When I grew up my family did a lot of traveling. My father worked for Delta, so flying was normal life. By seven, I was allowed to travel solo to visit relatives. By the time I reached double digits I had memorized the security codes for the “Authorized Personal Only” airport doors in Dallas, Denver, Cincinnati, and Atlanta. I knew where I could get cheap food and a nap while waiting for a flight under the normal airport. I had been to all 50 states by the time I was a teenager and I had been to Europe numerous times. My father constantly pushed us out of our comfort zones and I was equally comfortable building a log cabin in the North Georgia mountains with a toothless 70 year-old mountain man as I was choosing the proper fork at a the Cincinnati country club.
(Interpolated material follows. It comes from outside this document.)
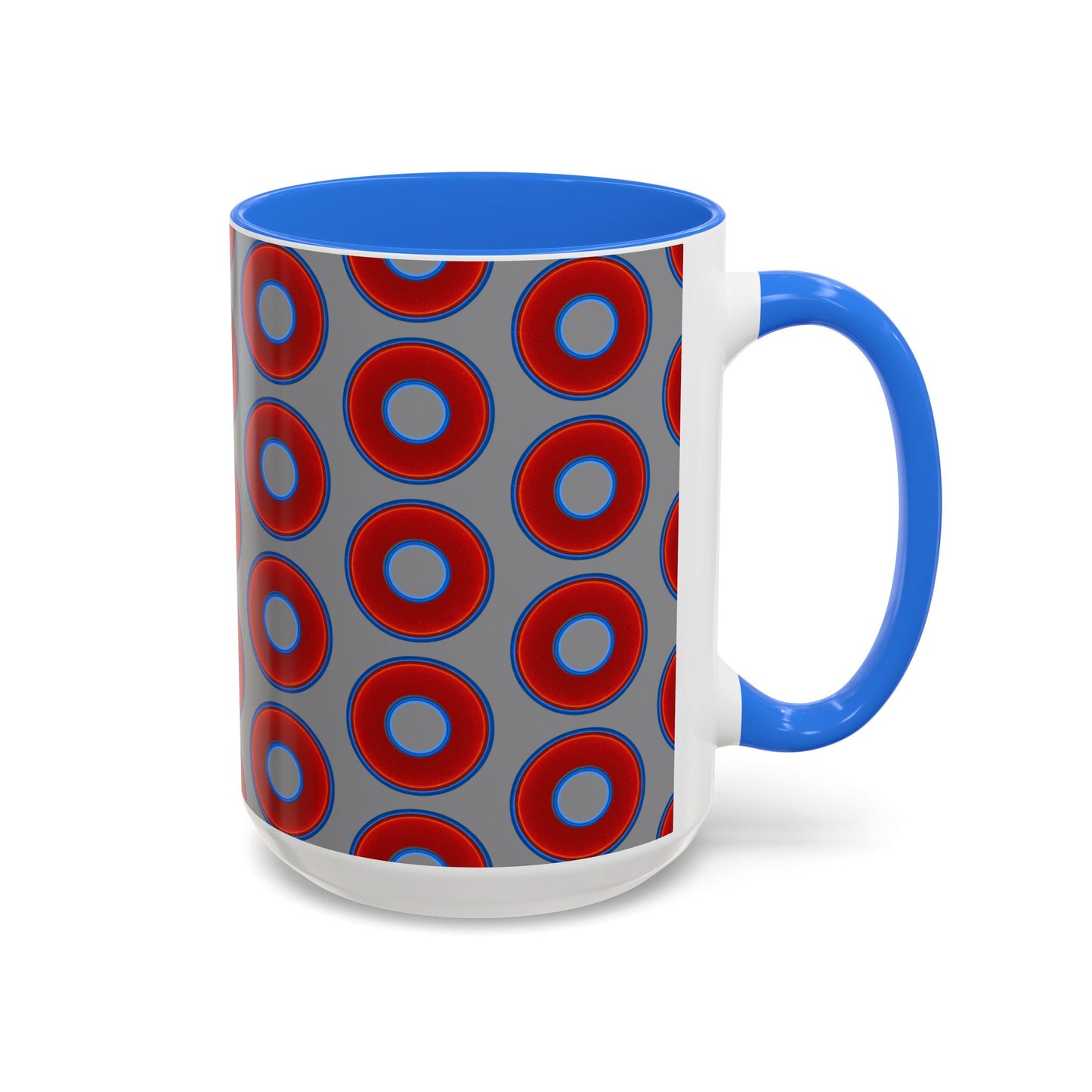 Lump's Grumpy Coffee Mug - vivid red donuts w/gray background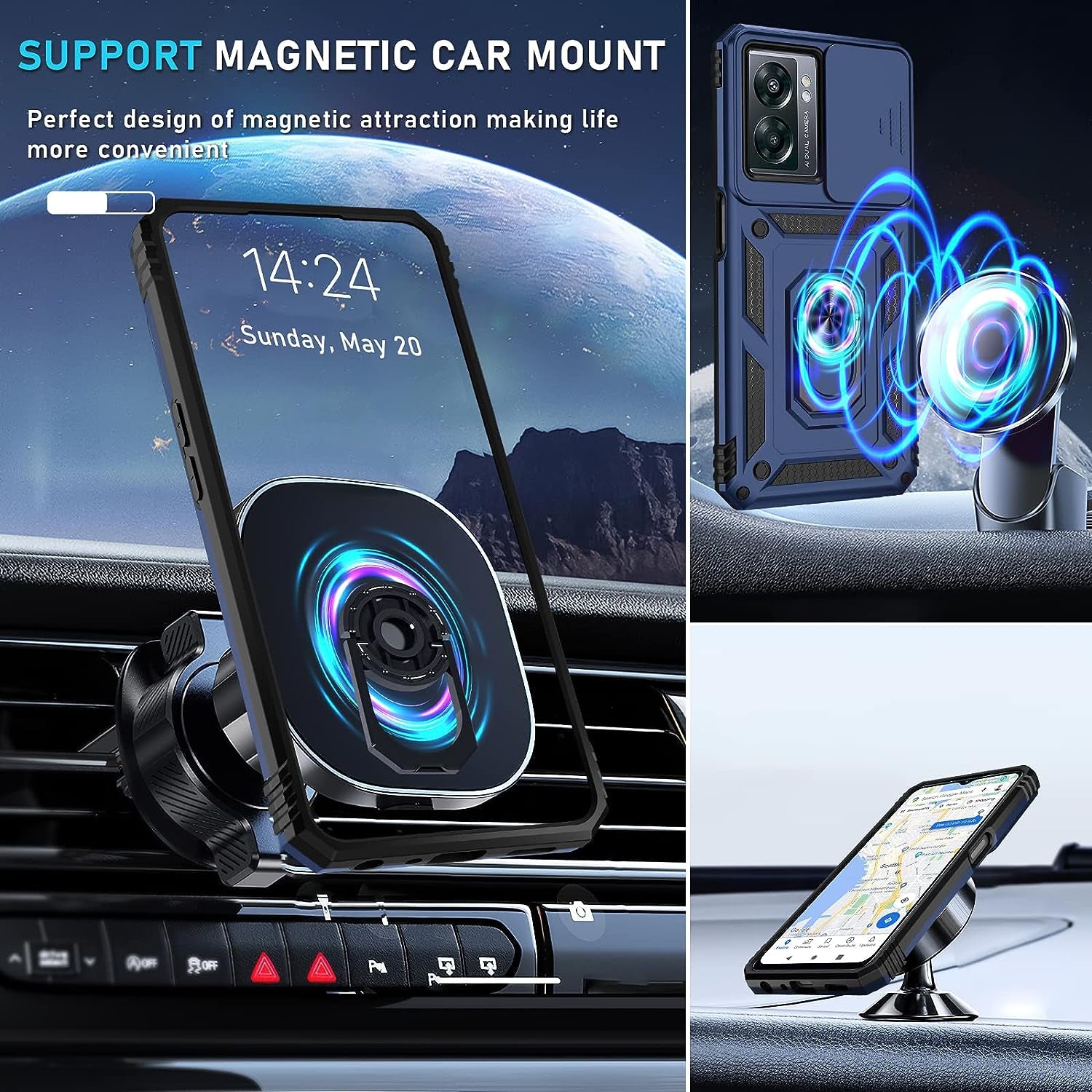 Janmitta Oneplus Nord N300 5G Case Built in Slide Camera Lens Cover and Screen Protector,Heavy Duty Shockproof Full Body Protective Phone Cover,Built in Finger Ring Stable Holder Kickstand,2022 Blue  Janmitta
Okay, maybe I was a little more comfortable in the mountains.
Despite this upbringing, I found myself married and working as a realtor raising two children in a small town with a white picket fence. Ughhh! I saw my kids growing up in complete homogeny and it drove me crazy.
Something had to change.
So I convinced my wife to move the family to Panamá for 9 months to stir things up a little bit. I needed the kids to get more exposure than a little mountain town had to offer.
After much arranging, we moved to Panamá with nothing more than eight checked bags and a dog. When we got there, the home we were supposed to live in was not ready. There was no power and the pool was green. It took us months just to get basic furniture and essentials into the house. All the while trying to raise two small children.